Prenses Leigh-Cheri'nin yolu (Güney Amerika'nın sürgündeki kraliyet üyelerindendir ve gerçek bir prensestir kendileri), kanun kaçağı Bernard ile kesişir, aşka düşerler, olaylar gelişir.
Bildiğiniz Tom Robbins romanıdır. Alaycı, uçarı, bilge ve erotik. Kimi zamanlar üslup biçemin önüne geçse de keyifle kıraatı her halûkarda mümkün kılar. Hazretin kitaplarını okuma rehberi başlıklı bir yazım dahi olduğundan (merak eden buraya tıklayabilir) detaya girmenin bir faydası yoktur ama burada aşkın, tensel yakınlığın, aşkı korumanın yollarının pek şetaretli sayfaları vardır (beyaz midillliler ve aştıkları çitler aşkına). Bir küçük alıntı ile Bay Robbins gücenmeyecektir herhalde. Buyrunuz aşağıda. Bu arada öneriyorum tabii, her daim ruha letafet verir Tom Robbins okumak.

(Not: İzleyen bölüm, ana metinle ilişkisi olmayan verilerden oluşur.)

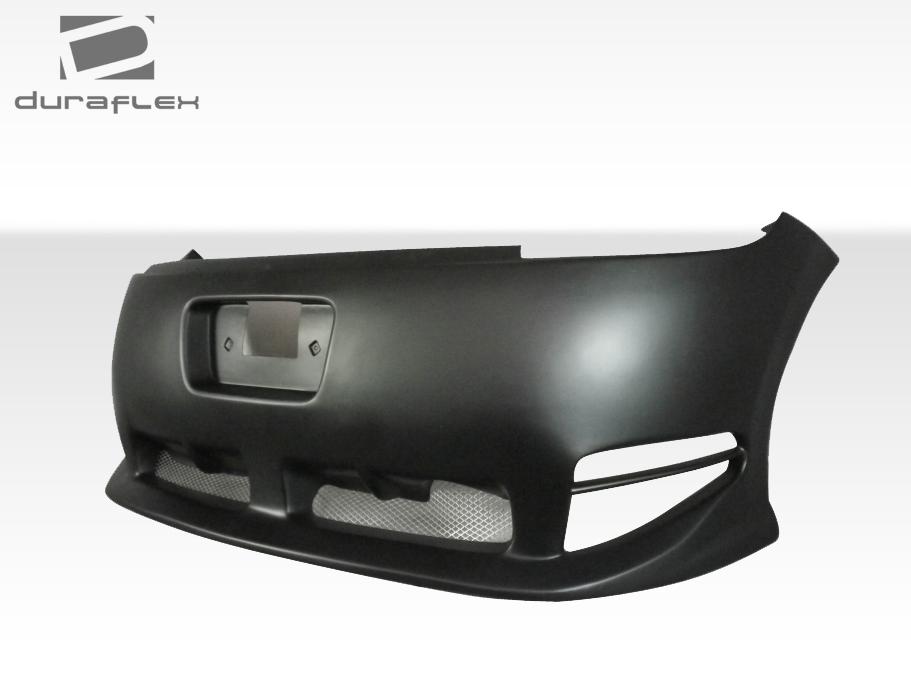 2006-2012 Mitsubishi Eclipse Duraflex Demon Kit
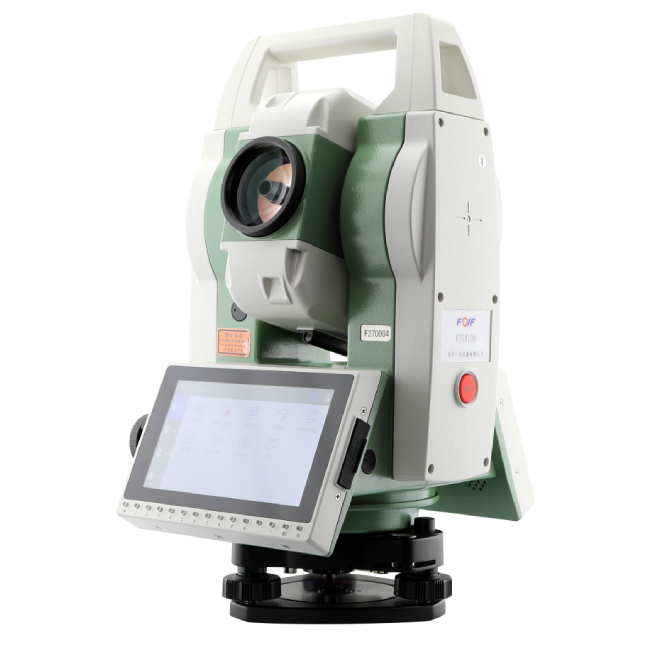 FOIF RTS010N Android Total Station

"Yarım kaldığımızda bizi tamamlayacak birini ararız daima. Birkaç yıllık ya da birkaç aylık bir ilişkiden sonra ihtiyacımızın hala giderilmediğini görünce beraber olduğumuz kişileri suçlar, daha ümit vaat eden biriyle arkadaşlık kurarız. Bu hep böyle sürebilir (dizisel poligami), ta ki - bu arada bir partner yaşamımıza hoş boyutlar katabilse de- her birimizin kendi tamamlanmamızdan sorumlu olduğumuzu kabullenene dek. Bunu bize başka kimse sunamaz ve aksine inanmak, kendimizi tehlikeli bir şekilde aldatmak, girdiğimiz her ilişkiyi nihai başarısızlığa programlamaktır" Nasıl çarpıcı değil mi? Theodore Reik'in benlik ideali kavramını bir güzel açıklamış üstat.